To dispose of the ammonia-saturated zeolites, de Haro-Marti recommends crushing the mineral and land applying it. It has some nutrient value because plants have the ability to use the ammonia that is built up in the zeolites. Yet, it should not have an impact on the soil’s chemistry because the addition of the crushed zeolite material is negligible. In terms of potential re-use of the zeolites, he adds that current research shows that washing out the ammonia is ‘very difficult’, with researchers attempting to use an acid wash to remove it. But he continues to investigate various methods where the ammonia could be removed to avoid the expense of crushing and field application.
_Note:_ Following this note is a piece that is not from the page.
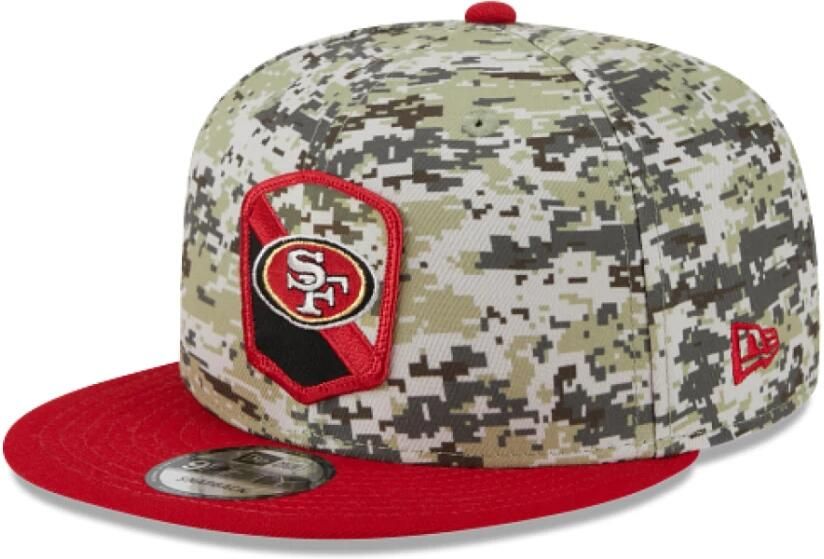 New era NFL STS Multicolor Pet Multicolor Unisex - Foto 4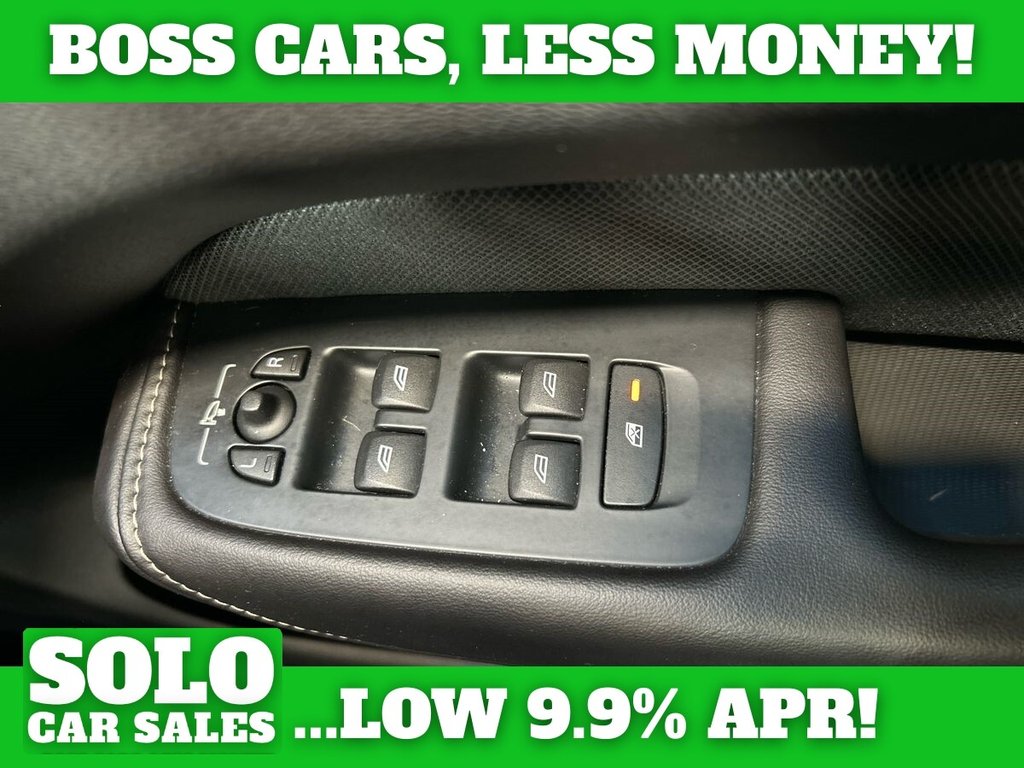 Used Volvo XC60 2019 for sale - 77383862: Photo 36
Installation of this emissions treatment system does not change the general flow-through, handling or storage of the dairy’s manure, and that was one of the goals of the research project – to provide a solution without disrupting a manure management system. The zeolite filter system is simply an add-on feature to treat the emissions.

De Haro-Marti says that there could be a business opportunity for someone who would be willing to educate themselves about what the research has discovered, and then developing an emissions scrubbing system using zeolites to match a livestock operation’s needs.

“It is just a question of sizing the filter and engineering the different coverings and connections, depending on the dairy,” he says. “It will change a lot from one dairy to another. But yes, it could be commercialized soon and I am working on it.”

Swager says he will continue to benefit from the zeolite filter already installed at the dairy, but he would have to conduct a very detailed cost-benefit analysis before he’d go any further. Where he views the greatest potential for this emission scrubbing technology is on farms under severe pressure from neighbors and government regulations, or where animal health is a concern, requiring immediate action to better control odors and emissions as a matter of survival or growth.

As to whether it will gain traction with other farms, he adds that it will depend on the overall installation cost, zeolite replacement costs, farm goals, and challenges that individual farms may be experiencing, but it is one option for odor control that is new and can be explored further.